This was the 11th Falcon launch for March 2026 with 11 days still left in the month. SpaceX launched only 11 Falcons during the entire month of March last year. If the four additional Falcons now scheduled for March departures are actually launched, that will bring SpaceX’s 2026 Falcon launch total to 40, an annualized rate of 160. Last year it finished March with 36 Falcons launched, an annualized rate of 144. Even after the first quarter’s slow start, SpaceX managed to launch 165 Falcons for the entire year of 2025. So there seems a very decent chance that SpaceX may manage well over 165 Falcon launches for all of 2026.

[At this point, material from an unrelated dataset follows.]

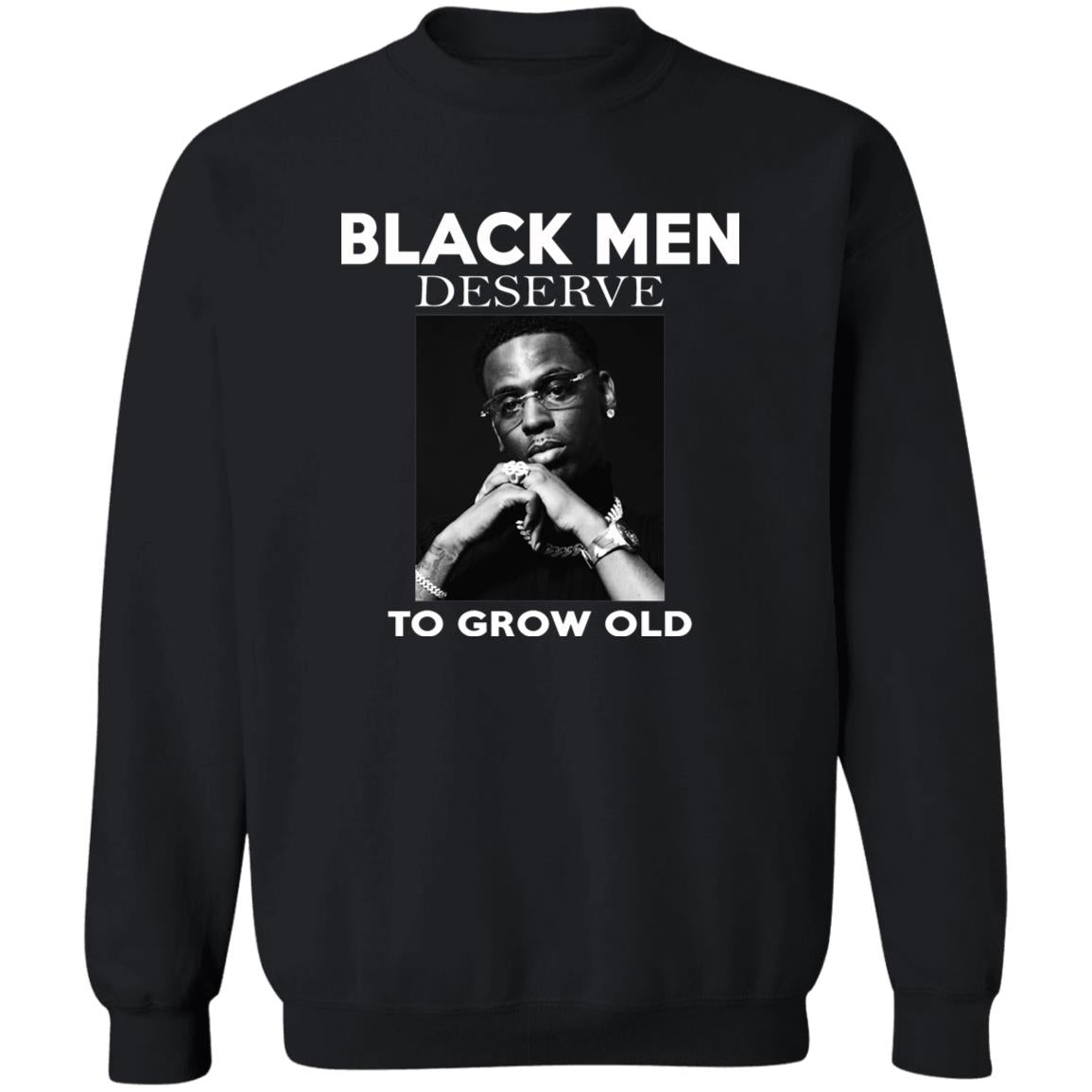 Black Men Deserve To Grow Old Shirt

April of 2025 saw 14 Falcons launched and brought the year-to-date total at that point to 50, an annualized rate of 150. If SpaceX manages to match March 2026’s probable total of 15 Falcons in April, that will be a year-to-date total of 55 and an annualized rate of 165 – equal to last year’s record. So not only is a new annual launch record looking likely, said record total may well be 180 or more.
And again, right now SpaceX is doing all this with only two launch pads!
Richard, what is amusing is that the pads are not the limiting factor. It is the time it takes to send an ASDS out to sea, wait for a booster to land, return, unload and head back out.
Vandenberg cheats a bit and drops the booster off a bit far away for a drive back to base. Whereas the Florida ASDS’s are much close. But roads are faster than the sea, so they can recycle faster and thus with one ASDS are really launching like crazy out on the West Coast.
Having 2 ASDS’s dedicated to SLC-40 launches, means you can see how sometimes it is just 2-3 day sbetween launches, which seems to be the real pad recycle time.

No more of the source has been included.